Pecacheu's Math Solver 3000

This started out as a joke when I told my friends "Bet I can just write a program that'll do my math homework for me."

It's been a while since then, and at this rate, it's getting complex! (Math pun? You decide :P) I'd say it's already surpassed the functionality of my TI-84+ and then some. Figured this monstrosity could use some version management, and maybe help a few other struggling students along the way, so here we are!
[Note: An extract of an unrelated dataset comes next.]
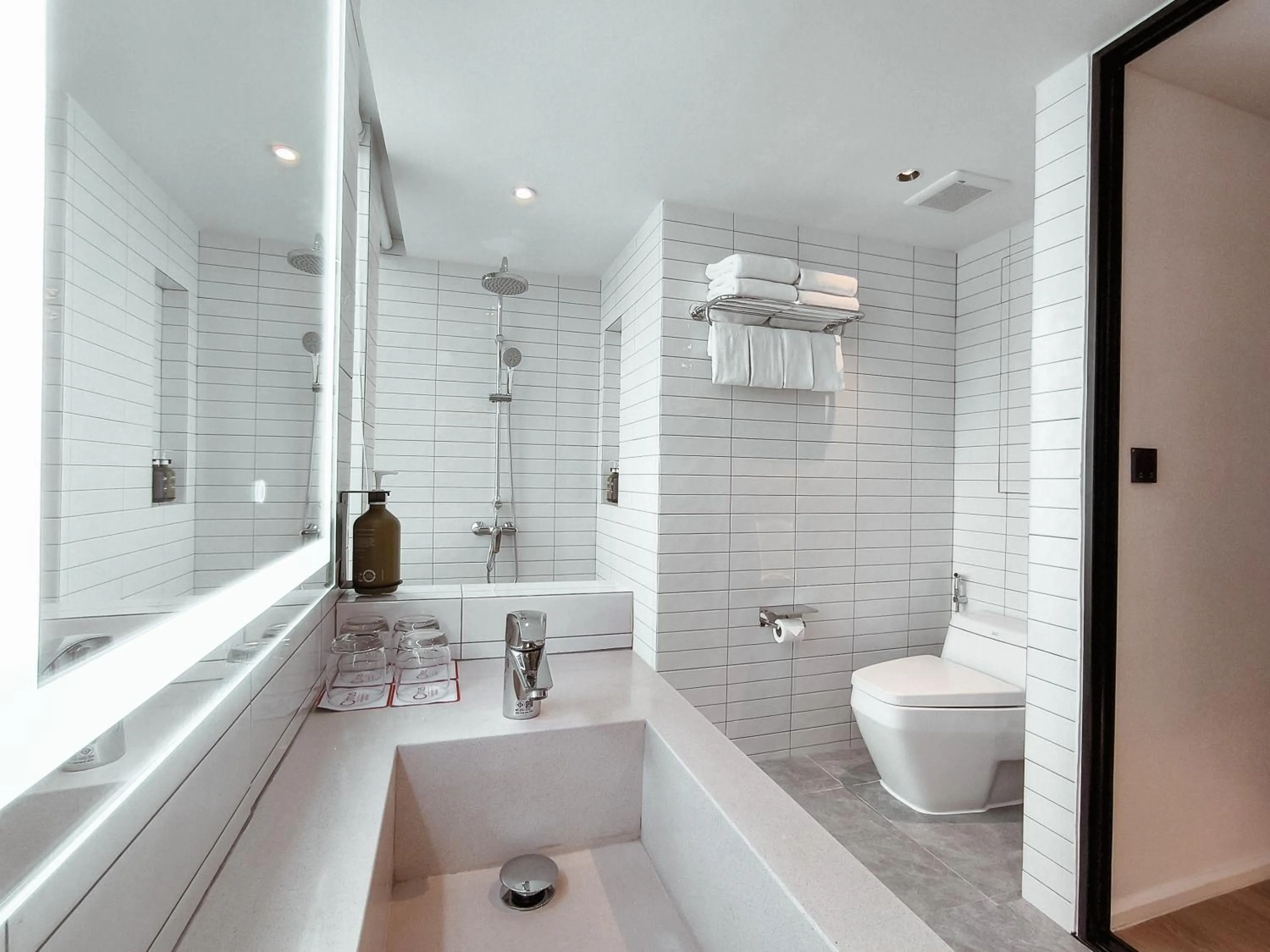 Bathroom in Citrus Sukhumvit 13 Nana Bangkok by Compass Hospitality - Newly Renovated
Disclaimer: All formulas and techniques are created by my dumb Rai butt via textbooks and scouring the internet, so accuracy is not guaranteed, but I always test with as many crazy edge-cases as I can! (Sure, I could do all my homework by hand, and probably have less work on my plate than maintaining this... But c'mon, where's the fun in that?)

== NEW in v2.0 ==

  • Arbitrary-precision float support for >64-bit accuracy. To infinity and beyond!
  • Matrix and vector support! Matrix solver support coming soon. MATLAB can suck on my free and open-source Rai beans >:3

Installation

Install Git (or download the latest release directly), then in Linux Bash, or PowerShell on Windows, run the commands below. AutoLoader should install Node.js for you!
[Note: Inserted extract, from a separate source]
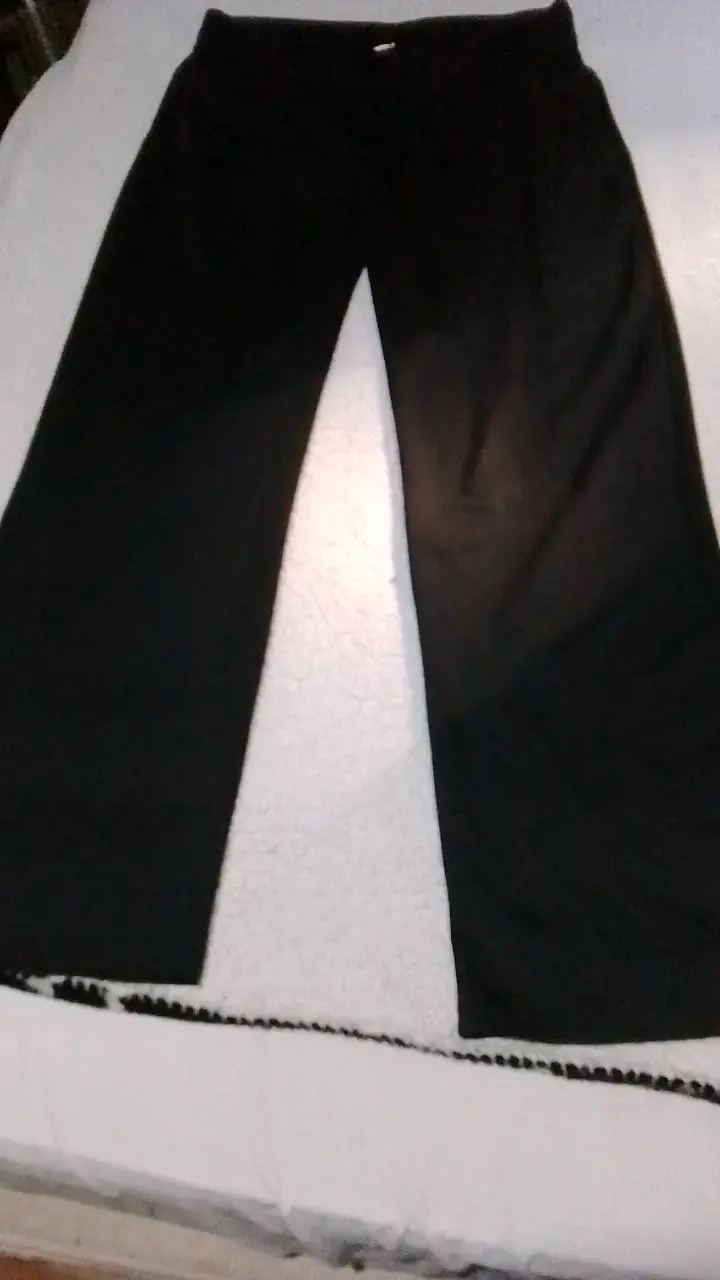 Pantalones negros de mujer cómodos - 1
git clone --recurse-submodules https://github.com/Pecacheu/Solver
cd Solver
./solver.sh ? [Linux]
./solver ? [Windows]

Usage

You can run commands directly, eg. solver mp "x^2" "2x + 5", or just enter RUN mode with solver, then call another mode using the ` symbol. Try `mp "x^2" "2x + 5" or `g "(x/2-1)^2-1" 0 0 4

In RUN Mode (Default)

  • Type ? for command list & help
  • Run multiple statements on the same line with ; between them
  • Run a command with `<cmd> [arg1] [arg2]... (You can enclose args in quotes)
  • Set a variable (a-z) ex. x = 2*3 -> x = 6
  • Solve a formula ex. (x^2 + 6)/3 -> 14
  • Simplify a formula ex. x^3 + 4x^3 -> 5x^3
  • Numbers can also be in Scientific notation ex. 2.2e+4 -> 22000
  • sv = Toggle Substitute Variables (Default: On)
  • dec/frac = Toggle Decimal/Fractional Results (Default: Frac)
  • deg = Toggle Degrees/Radians Mode (Default: Radians)
  • js = Code mode (Allows direct eval of JavaScript)
  • vars = List Variables
  • del <x> = Delete Var
  • Type q to quit

Functions (Use in Polynomials)

  • sqrt(x) Square Root
  • cbrt(x) Cube Root
  • abs(x) or |x| Absolute Value
  • ln(x) Natural Logarithm (Base e)
  • log(x,b=10) Logarithm Base b (Default 10)
  • sin|cos|tan|sec|csc|cot(x) Sine functions
  • asin|acos|atan(x) Arcsine functions (Inverse Sine)
  • rad(x) Convert degrees to radians
  • deg(x) Convert radians to degrees

- perm(n,r) Permutation (n!/(n-r)!)
- comb(n,r) Combination (n!/(r!(n-r)!))
- x! Factorial (Equivalent to perm where r=n-1)

  • P = Pi (~3.14)
  • e = Euler's number (~2.718)

Matrix Functions

  • [a b-1 c; d (e^2 + 5) f; g h i] Create a 3x3 Matrix (MATLAB Syntax)
  • tpose(m) Transpose of m
  • dot(a,b) Dot Product of vectors a and b (Note: Matrix inputs to dot() are interpreted different to MATLAB. The dot product of two matrices multiplies each element to its matching element, equivalent to MATLAB's .* operator)
  • dotPow(m,p) Elementwise matrix power (Equivalent to m.^p in MATLAB)
  • sum(m) Sum of all elements of m
  • det(m) Determinant of m

- inv(m) Inverse of m

  • rref(m) Row Reduced Echelon Form of m
  • rows(m)/cols(m) Rows or columns of m (Cols is also the length of a vector)
  • norm(m,p=2) p-norm (default 2) of m. Equivalent to sum(abs(dotPow(m,p)))^(1/p) (2-norm is also the magnitude of a vector)
  • eye(x) Identity matrix I^x

Graph Controls (In Graph Mode)

  • Up/Down Move Y Axis
  • Right/Left Move X Axis
  • +/- Adjust Zoom Level
  • Home or Space Recenter View
  • Esc Exit Graph Mode

So, you want to know how it works?

Details here The architecture of PMS is complex and nuanced *(over 1000 lines in total!)*, but utilizes an Object Oriented structure that maximizes code reuse, allowing for a high degree of flexibility and extendability of the codebase. This makes it trivial to create new math functions and commands. On a basic level, mathematical formulas are stored in PMS using three key fundamental building blocks. `Poly` *(Polynomial, a list of terms that are added or subtracted)*, `Term` *(A set of SubTerms that are multiplied or divided)*, and `SubTerm` *(A representation of a single constant exponent value, variable, matrix/vector, or function)*.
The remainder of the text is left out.